The Beard claimed I was insane daily. I agree with him now. I can barely get things done without working full time. I have no idea how I managed for ten years. The last four years I was also writing a novel. Madness! No wonder it’s taking me some time to get regulated. I don’t have to be up at 4:30 to workout, but some days I don’t get to the gym until 10 or noon, if I go at all. With school starting again, I haven’t figured out how to walk the dogs while it’s blazing hot. I realized the other day it had been two or three days since I showered. Right?! Exercise or a walk with the dogs required a shower. Driving a boy to school, cleaning the kitchen and making The Beard coffee in the morning doesn’t generate much of a sweat.

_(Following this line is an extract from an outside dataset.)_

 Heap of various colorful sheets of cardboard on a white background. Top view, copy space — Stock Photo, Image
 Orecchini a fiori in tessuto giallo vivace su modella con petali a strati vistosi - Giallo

A routine works for me. I don’t regret the tight budget. Book sales will grow. I don’t miss teaching. Those teaching dreams have been replaced by dreams of running out in a torrential rain to salvage my pages or computer. I do miss my workouts and regimen. The flip side is my laundry is frequently done. The house is mostly clean. The yard is looking good. I haven’t written in two weeks, shrug. I’m working on building a schedule. Son 2 will have his driver’s license in September, and my chauffeur duties will disappear. Both sons are in school most of the day and working when they’re not in school. I’ve tackled some domestic remodeling jobs and still need to finish, but I like my space to be uncluttered. I’m starting a 365-day cull to remove disorder in a two pronged attack.
It’s a full-time writer’s dilemma. Build scheduled time to write without distractions. I have to balance that against the mother’s dilemma. I still get the “Mommy, will you make breakfast?” “Mooom, will you make me lunch?” “What’s for dinner?” I can go a few days without speaking to anyone outside of The Beard and the dogs. It’s disconcerting to find yourself discussing plot obstacles with the checkout clerk at the grocery store or UPS guy. ‘How’s it going?’ is such an innocent question. Those folks are such good sports.
I’m balancing my net present value against my feelings that I’m not contributing financially, yet. Buy my book! I post my daily accomplishments for validation that I indeed contribute. I’m working on setting a weekly word count to lock down my writing time, after all that was one of the primary reasons to quit. I’m making considerable effort to participate more often in my writing guild. Shout out to Northern Colorado Writers here. I’m teaching two workshops in October and attending a creative writing conference. I’m taking one day a week out of the house to work remotely. It’s a start.
I’ll get there. In the meantime, I did shower this morning.